Over 100 faculty members at the University of Saskatchewan have submitted a request for masks to be made mandatory on campus.
A letter of more than 100 signatures was presented to President Peter Stoicheff and the Pandemic Response and Recovery Team Thursday afternoon.
They’re asking for mandatory masking, the normalization of masks on campus, and having N95 masks be made available to anyone who wants them.
“We’re all back on campus, which is wonderful, but we’re in smaller spaces and reinfection is a reality,” Julie Boughner, a professor at the university who signed the letter.
“So it’s just one other way that we can protect ourselves, protect our students, keep everyone in the game, keep everyone in the classroom,” she added.
“Case counts and COVID infections, the number of COVID infections are going up on campus and in Saskatoon, and masking is a really simple way…to break that chain of transmission,” said Stephen Urquhart, professor of chemistry.
“If a student tells me ‘Look, I’ve got to be absent, I have COVID’, I report the number and the university has numbers of reported infections. Maybe not all infections get reported, but the numbers have gone up consistently since the start of term unfortunately, and we’re seeing the absences in our classes.”
Chair of the University of Saskatchewan’s pandemic response and recovery team Dr. Darcy Marciniuk said the university was paying close attention to cases of the virus, which can be measured on campus.
“Our cases which were 168 on campus last week, we’ve had eight prior weeks with higher cases. That number is about 56 per cent of a peak that we had in the spring when we had full on campus cases. We’re also monitoring the wastewater, which plateaued last week. It’s there, but it’s plateaued,” he said.
Dr. Marciniuk said the university’s current policy was that masking was preferred, but at this time there was no plan to mandate masks.
“We don’t want to bring back a mask mandate if the uptake and the indications for mandatory masking are not there. We’re going to lose credibility and trust,” he said.
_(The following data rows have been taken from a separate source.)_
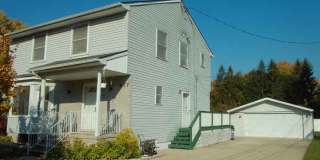 477 Vanderpool Avenue Gallery 1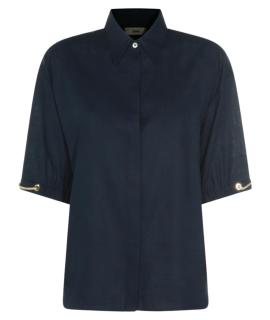 HERNO Рубашка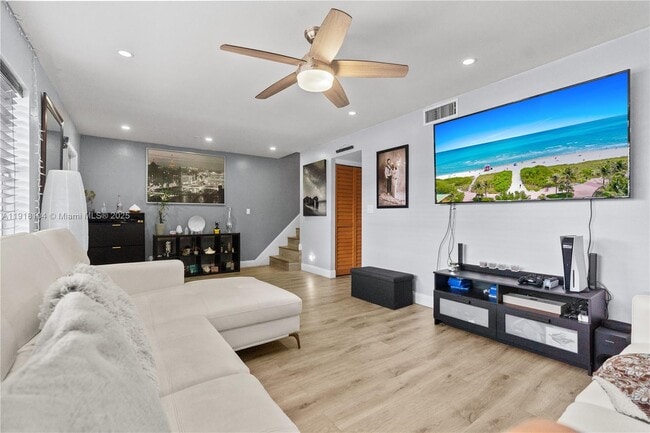 Photo - 8089 SW 18th Ct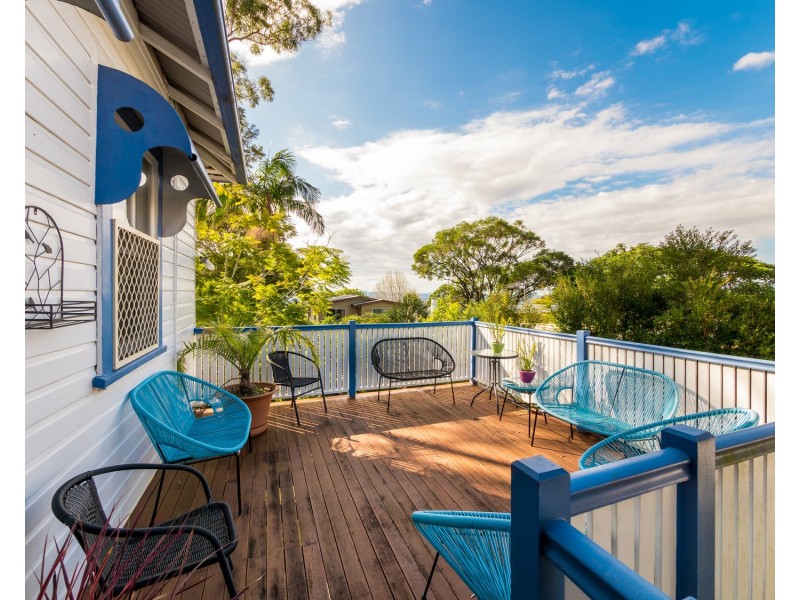 488 Ballina Rd, Goonellabah NSW 2480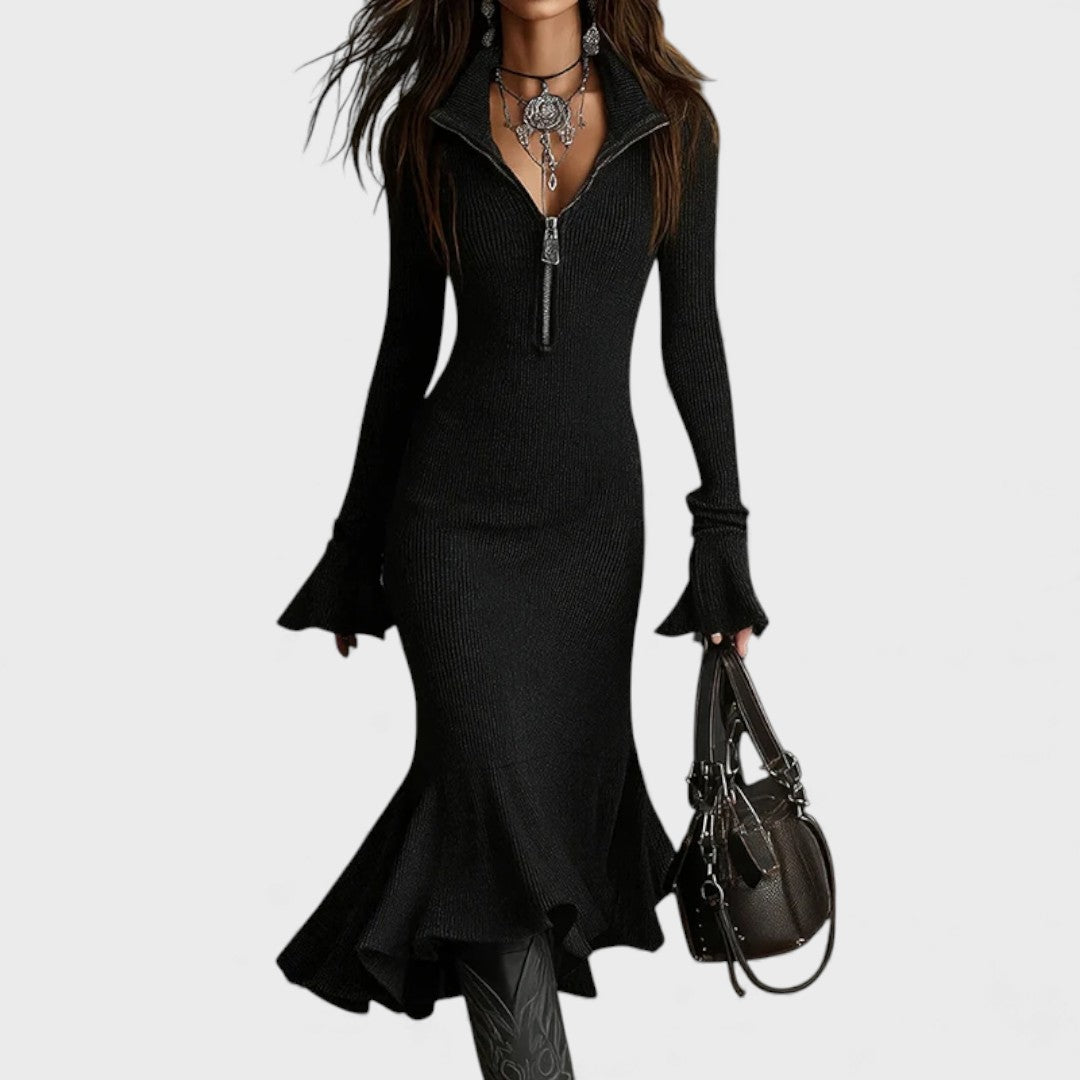 Laura - Abiti invernali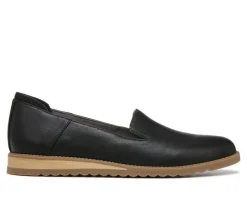 Dr. Scholls Loafers & Oxfords>Women's Jetset Loafers
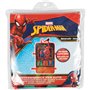 Organisateur pour Siège de Voiture Spiderman CZ10274 Rouge 126,99 €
“Some people are looking for black and white, and the reality is we’re living in a lot of grey. That’s our life right now, and so our job is to understand, to assess, and to thrive in that grey rather than be troubled by it.”
Premier Scott Moe says the province is not considering implementing any other public health measures.
“At this point in time due to a number of factors, one of them being our health system is not in a position where it was when we did implement public health measures here in the province, that there’s none that are under consideration at this point in time,” he said.